MAKE with Arduino IDE

  • https://play.google.com/store/apps/details?id=com.CEREALLAB.FruitsLoop
  • Android app.
  • Untested; requires a login when launching, either with Google or MAKE. This is extremely dodgy.
    • I can think of absolutely no reason why I should supply my Google account login to anyone, let alone this particular company.
    • I have no idea how the app or company would use my Google login details – even if I could remember the details.
    • I have no idea why the app or company would want a Google login at all (other than as an excuse to get my Google account details).
    • Many users will be children and social media accounts require a certain minimum age. Google account holders are supposed to be 13 to manage their own accounts. For getting kids to start coding, why have a login barrier at all?
  • Neither of the two websites displays on my laptop. One of the links has a Somalia country code – strange for a company apparently in South Korea. What and who is this company which is asking for Google account details?
  • One of the permissions is to know the users approximate location.
  • For security reasons, do NOT use this app.

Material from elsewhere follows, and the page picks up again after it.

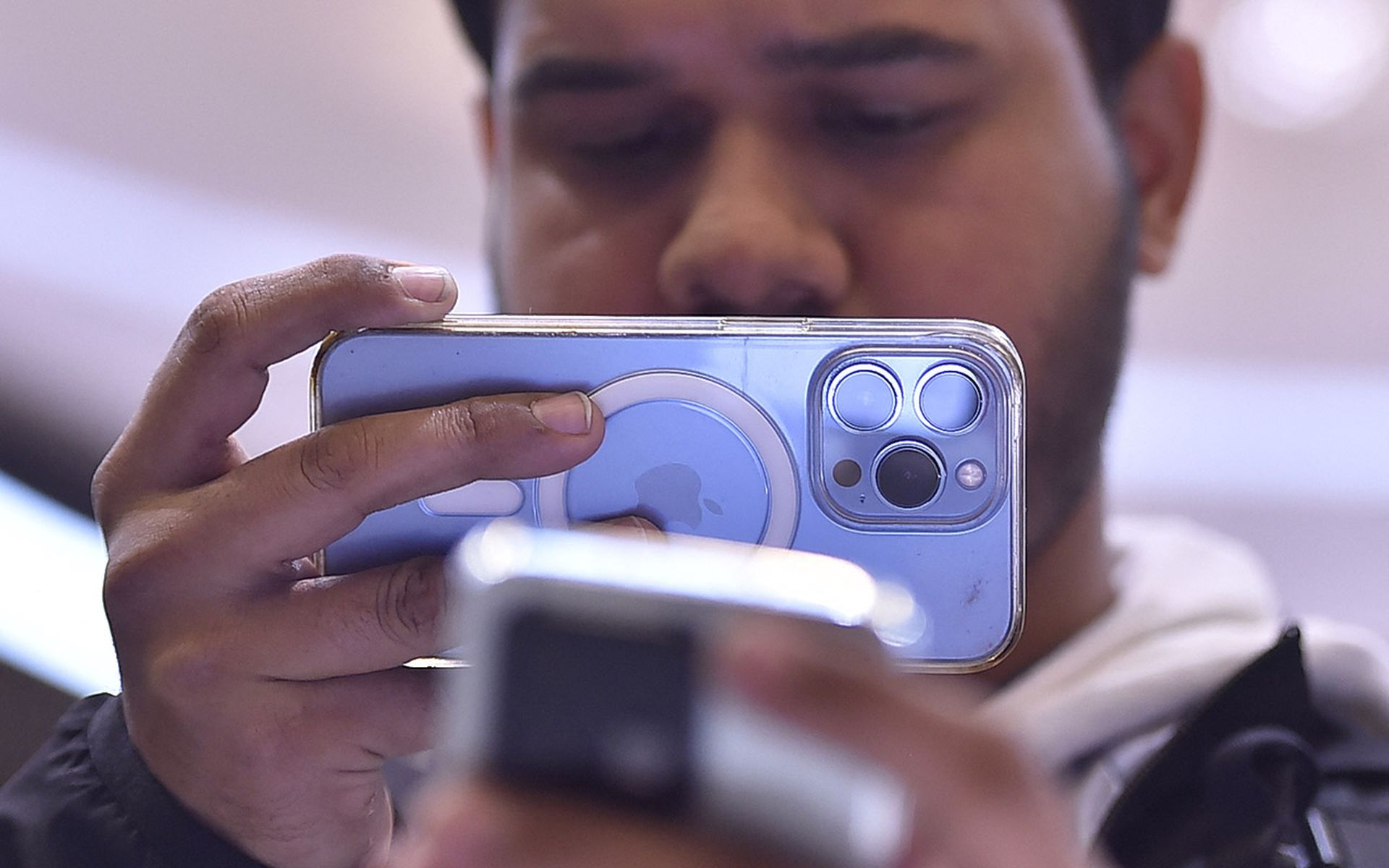 A man takes a photo with an Apple iPhone.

None of the stand-alone options are good enough to get a strong recommendation. They all have significant problems and I have not found any that support Arduino Nano clones – which means they can't actually be used stand-alone.

mBlock is probably the best complete package for desktop computers, but more work is needed to fill in gaps in its platform support.

Sketchware for Arduino has great potential for Android. What it has is actually rather good, but it desperately needs to support more boards and the CH340G USB chip, and to not have "sketchy" ads and permissions. Use ArduinoDroid to compile and upload code to many Arduino boards that Sketchware for Arduino doesn't support. Security warning: Do not let either have access to your Contacts.

I have not tested it but I expect either of those programs will work with this Arduino Uno clone, because it uses an ATMEGA16U2 for the USB controller, not a CH340G.

The web version of Edukits Code Kit is not stand-alone (it needs other software to upload code to an Arduino) but it gets my vote for best web interface. It's very easy to use with existing programs and cellphone apps which can do that. I'm looking forward to seeing what I can do using it with addressable LEDs.